Come spiegare la mossa di Putin, dunque? Qui entra in campo un secondo contributo decisivo, quello della filosofia della storia. Le motivazioni geopolitiche tradizionali, basate su controllo territoriale di presunte zone chiave o zone cuscinetto, risultano tutte in contraddizioni logiche. Putin, con la sua mossa, si è avvicinato, non allontanato dalla NATO, e questo lui lo sa benissimo. In secondo istanza, la decisività dell’Ucraina in un’epoca in cui la supremazia militare è basata sulla deterrenza tecnologica, non territoriale, è una proposizione risibile. E anche questo è qualcosa che Putin sa.
Di nuovo, l’esposizione alla politica interna russa viene in soccorso alla comprensione. Nel 2020, Putin ha promulgato una riforma della Costituzione dai toni espressamente reazionari, con la messa per iscritto del divieto di matrimonio omosessuale e altre misure dal valore altamente simbolico. La crescente alleanza con il potere ortodosso – si noti al proposito il convitato di pietra del patriarcato durante gli eventi ucraini – è il suggello della politica putiniana, che, nel corso degli anni ‘10, è passata dalla realpolitik alla politica ideologica.
Oltre al discorso con il quale Putin annuncia l’“operazione speciale”, è ancor più interessante il discorso di Putin al forum di Davos 2021, nel quale attinge al bacino argomentativo stereotipico della reazione, con toni millenaristi da crociata contro l’Occidente corrotto nelle menti e svirilizzato nei corpi. Putin, con questa guerra, ha di mira una cosa soltanto, lo stile di vita occidentale.

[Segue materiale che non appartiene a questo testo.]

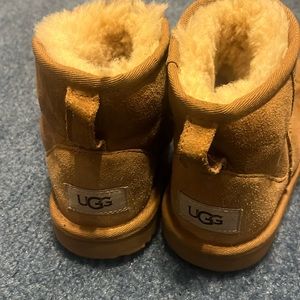 Uggs ankle chestnut girls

Non le risorse, non la stabilità geopolitica, nemmeno l’espansione territoriale della politica di potenza.
L’Ucraina rischiava di trasformarsi in una Berlino Ovest, vetrina dello stile di vita occidentale e per questo pericoloso magnete d’attrazione per la Russia europea. Mosca e San Pietroburgo, nei settori tecnologici, cominciavano a pagare salari più vicini a quelli internazionali, attraendo i giovani russi spesso formati all’estero. Per inciso, una delle contraddizioni della Russia è quella di avere il 35% e passa della popolazione con istruzione universitaria – tra i livelli più alti nei paesi OCSE – per di più con sovrarappresentazione nelle discipline tecniche.
Questo nucleo di potenziali “nemici interni” stava già virando, nelle grandi città, verso stili di vita occidentali. Non a caso, aveva protestato, negli anni immediatamente precedenti ai fatti ucraini, con intensità prima sconosciuti in risposta alla nuova costituzione e in supporto alle rivolte bielorusse anti-Lukashenko.
La guerra di Putin è una crociata anti-occidentale. Questo spiega la brutalità, l’apparente illogicità di muovere il fronte più vicino alla NATO, e la capacità quasi fatalistica di sopportazione di sanzioni economiche straordinarie. Per questo motivo, l’esclusione dell’esito atomico è errata, poiché Putin ha abbracciato integralmente lo spirito di Stalingrado, lo stesso di Hitler che respingeva le lettere dei generali asserendo che “la sesta armata della Wermacht compirà il proprio destino storico a Stalingrado immolandosi fino all’ultimo uomo”.
Questo è il paragone Hitler-Putin decisivo, la dimensione ideologica della guerra.